_TASK INSTRUCTIONS_.
Up to and including the line that contains "Foto - Türkiye'nin", write out every line of the entries exactly, beginning with the first. Omit the pictures.

-------- EXTRACTED ENTRIES --------

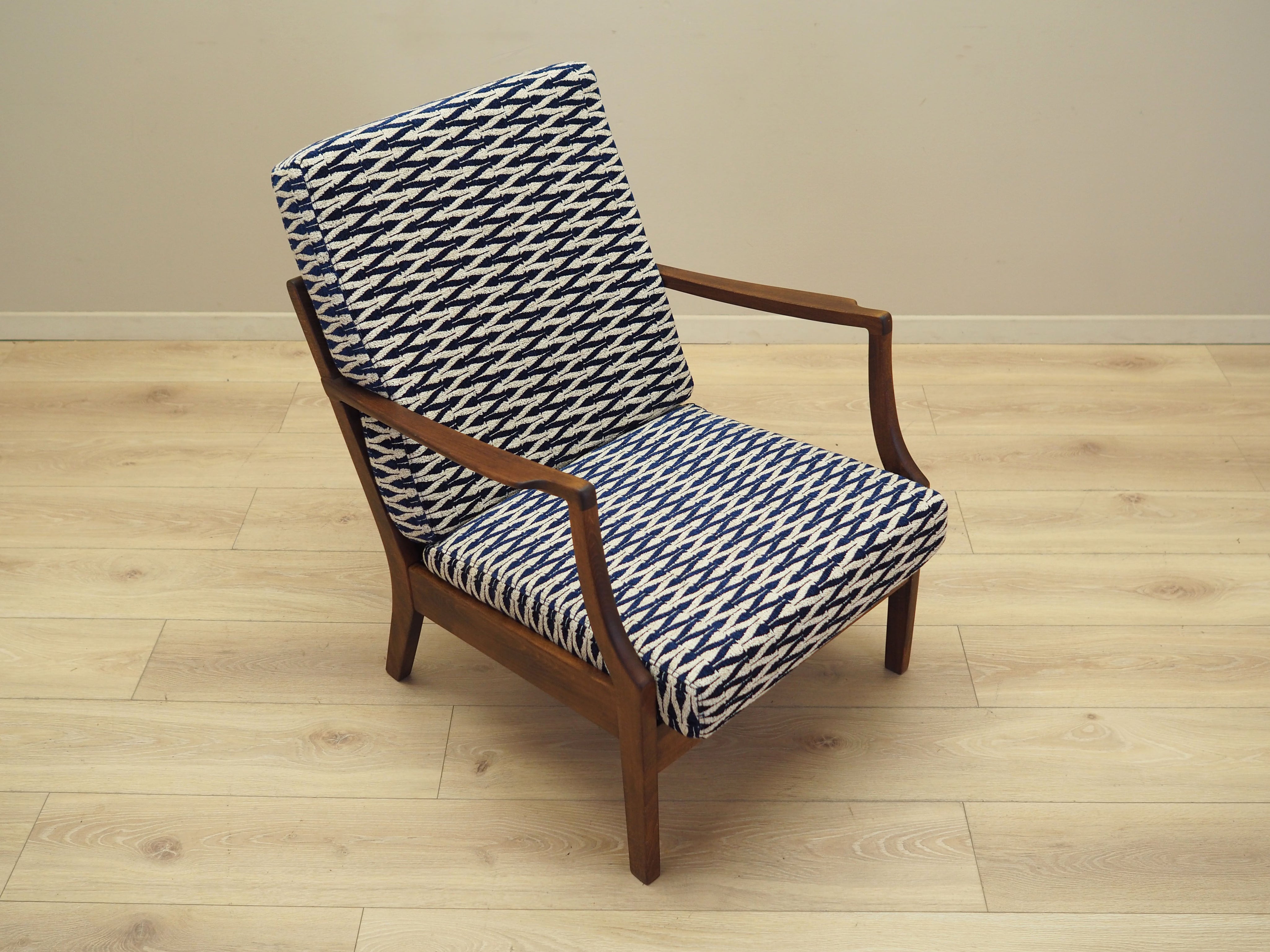 Lounge_Chair,_Beech_Wood,_1970s,_Denmark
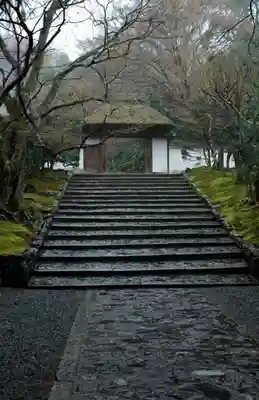 安楽寺の山門・神門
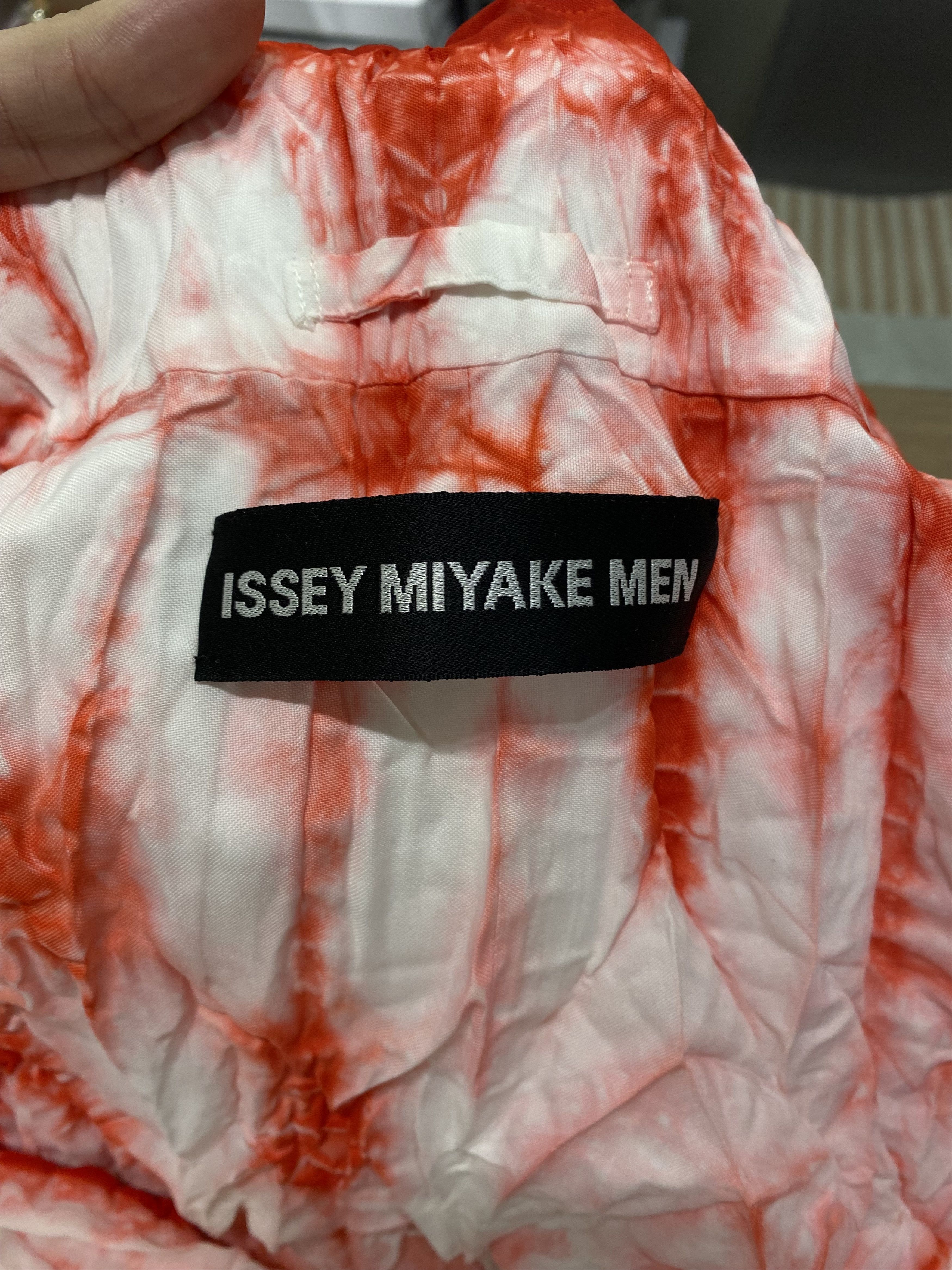 Issey Miyake ISSEY MIYAKE blood dyed tie band collar drawing vest shirt Size US M / EU 48-50 / 2 - 12 Thumbnail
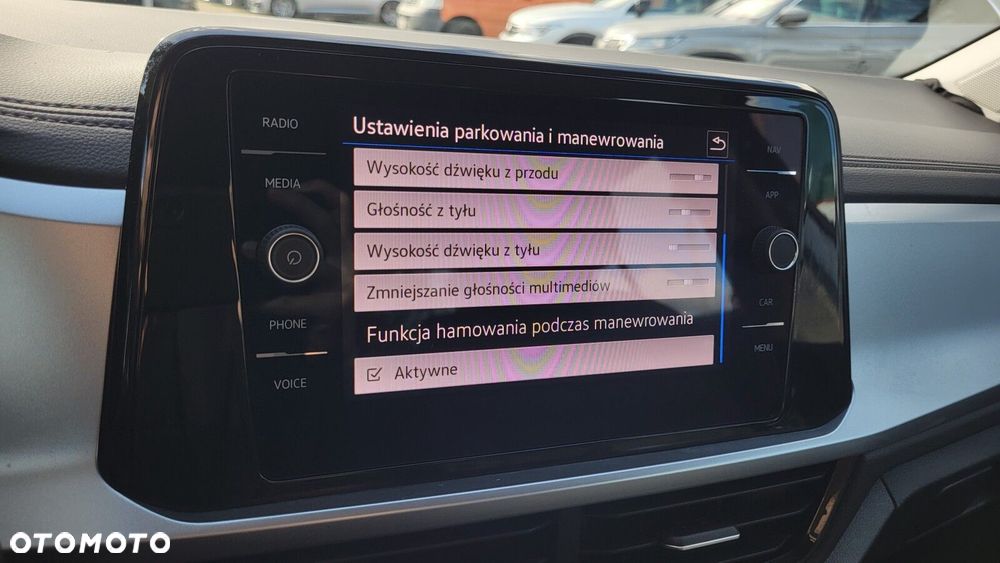 Volkswagen T-Roc 1.5 TSI Life DSG - 38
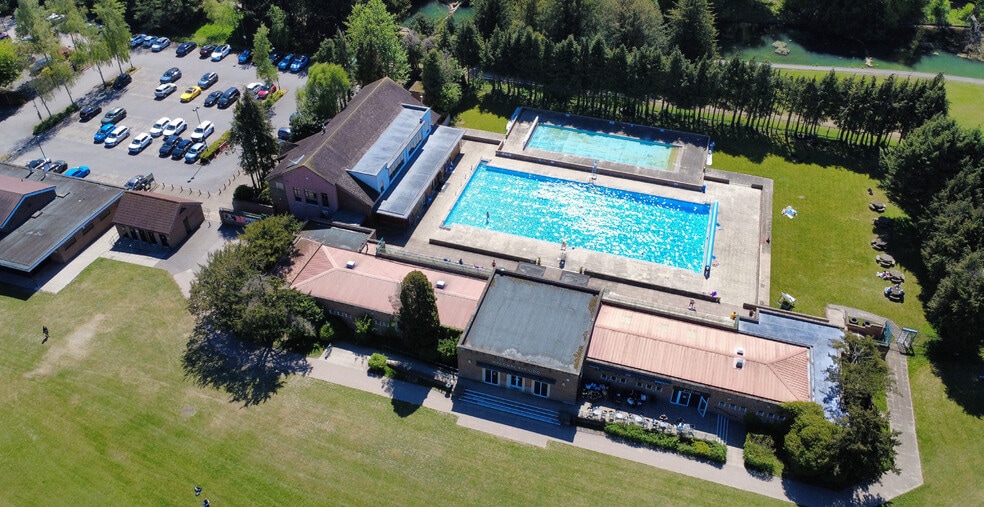 24 Warren Wood Dr, High Wycombe for sale - Building Photo - Image 1 of 10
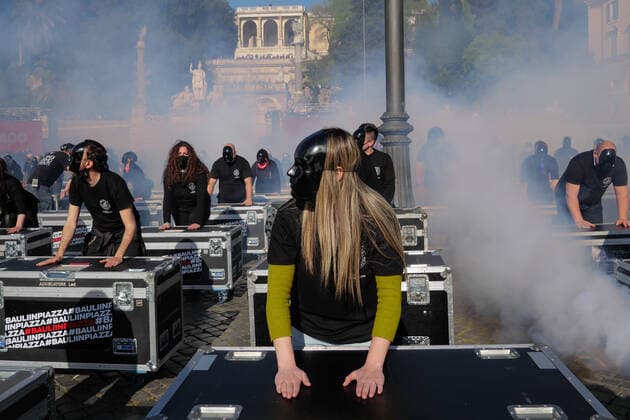 Trunks in the square in Rome, for the flashmob organized by show business workers to ask Draghi for help. The operators of a sector brought to its knees by the pandemic urge the prime minister to intervene to help them get back on track and take their trunks to Piazza del Popolo.  Copyright: xStefanoxRonchinix xIPAx xStefanoxRonchinix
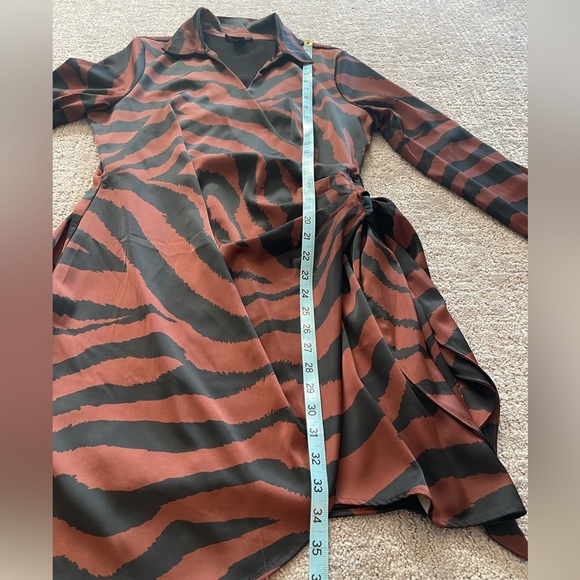 House of Harlow 1960 Brown and Black Zebra Print Long Sleeve Mini Dress, Size L - Picture 9 of 15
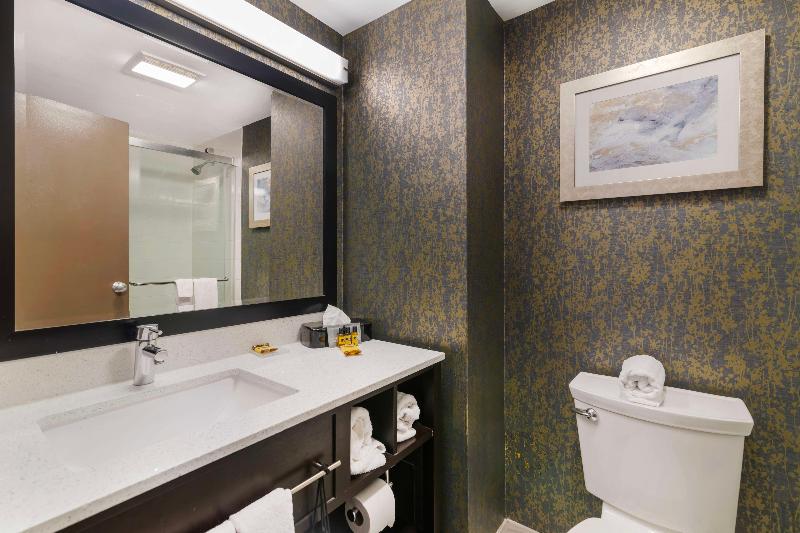 Best Western Plus Landmark Inn image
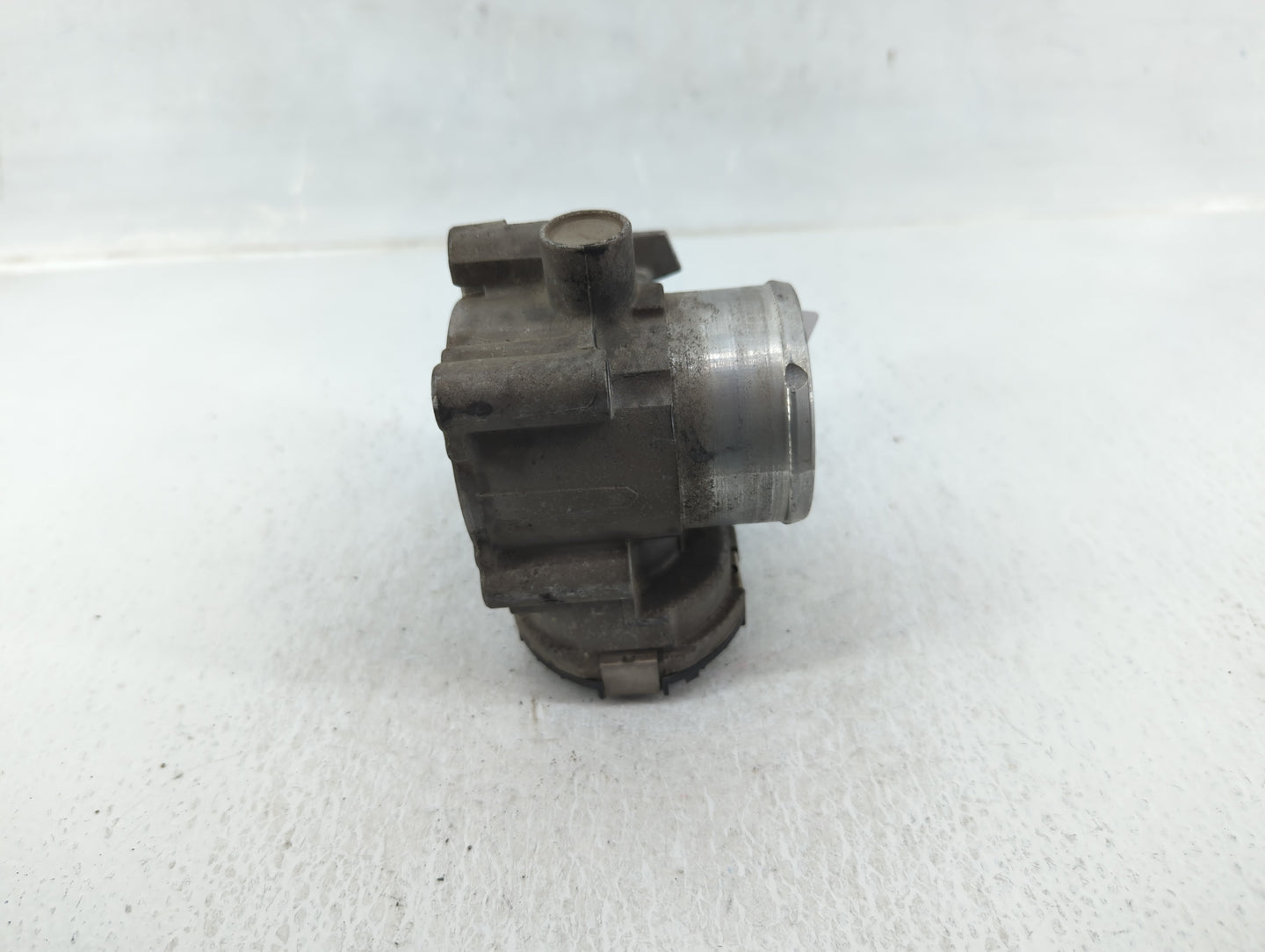 2011-2014 Ford Fiesta Throttle Body P/N:7S7G-9F991-B7A Fits Fits 2011 2012 2013 2014 OEM Used Auto Parts - Oemusedautoparts1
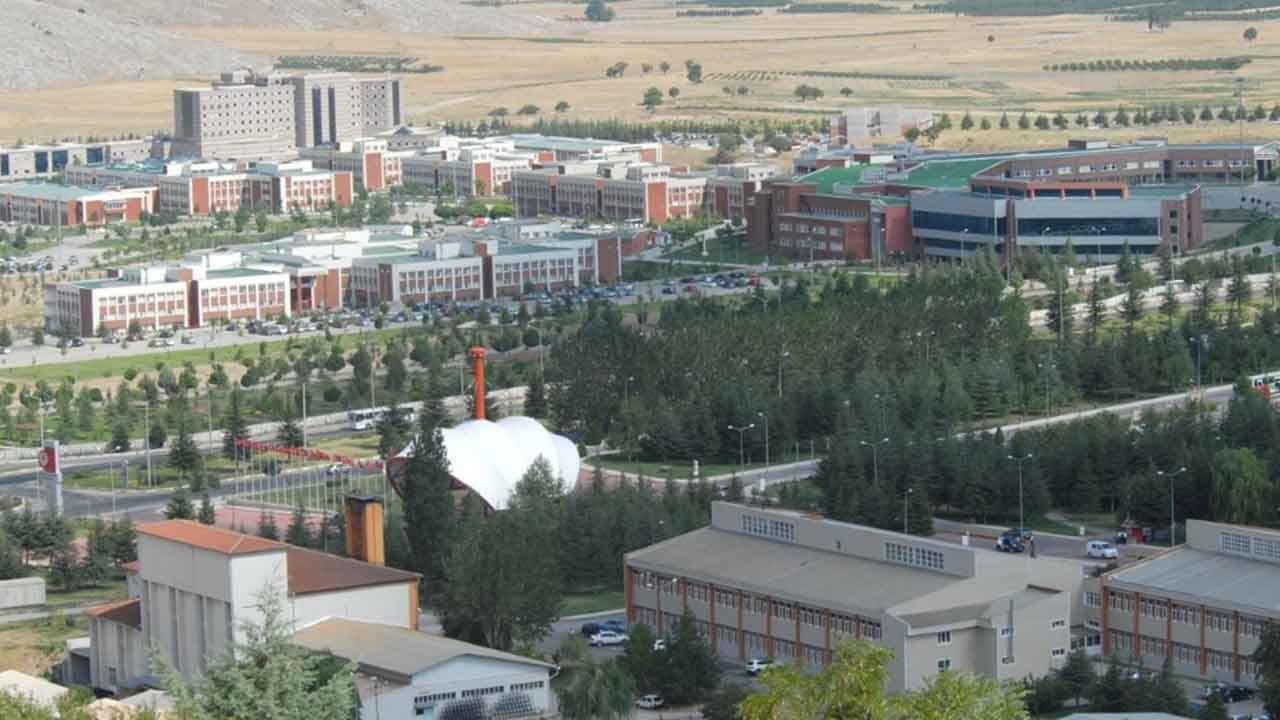 Foto - Türkiye'nin ünlü üniversitesinde neler oluyor? Sorular sızdırıldı, iptal edilen sınav silbaştan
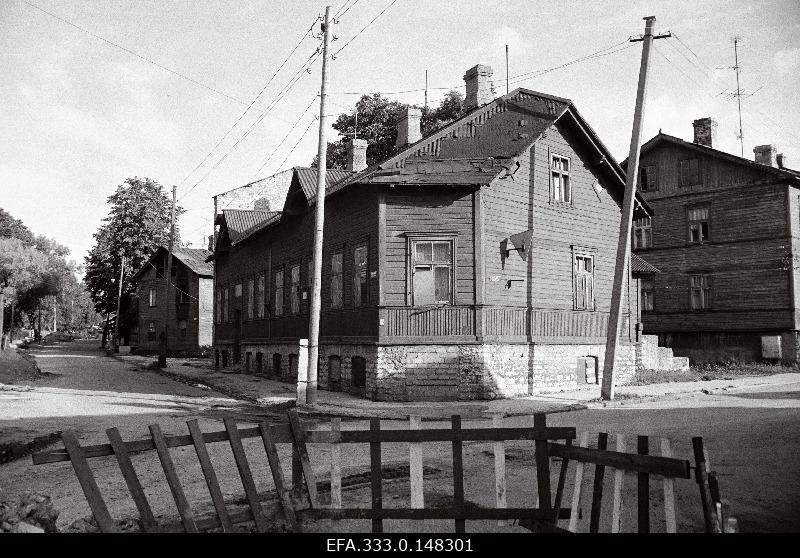 View on the crossroads of Salme and Uus-Kalamaja streets.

--------

_SOLUTION_.
 Lounge_Chair,_Beech_Wood,_1970s,_Denmark
 安楽寺の山門・神門
 Issey Miyake ISSEY MIYAKE blood dyed tie band collar drawing vest shirt Size US M / EU 48-50 / 2 - 12 Thumbnail
 Volkswagen T-Roc 1.5 TSI Life DSG - 38
 24 Warren Wood Dr, High Wycombe for sale - Building Photo - Image 1 of 10
 Trunks in the square in Rome, for the flashmob organized by show business workers to ask Draghi for help. The operators of a sector brought to its knees by the pandemic urge the prime minister to intervene to help them get back on track and take their trunks to Piazza del Popolo.  Copyright: xStefanoxRonchinix xIPAx xStefanoxRonchinix
 House of Harlow 1960 Brown and Black Zebra Print Long Sleeve Mini Dress, Size L - Picture 9 of 15
 Best Western Plus Landmark Inn image
 2011-2014 Ford Fiesta Throttle Body P/N:7S7G-9F991-B7A Fits Fits 2011 2012 2013 2014 OEM Used Auto Parts - Oemusedautoparts1
 Foto - Türkiye'nin ünlü üniversitesinde neler oluyor? Sorular sızdırıldı, iptal edilen sınav silbaştan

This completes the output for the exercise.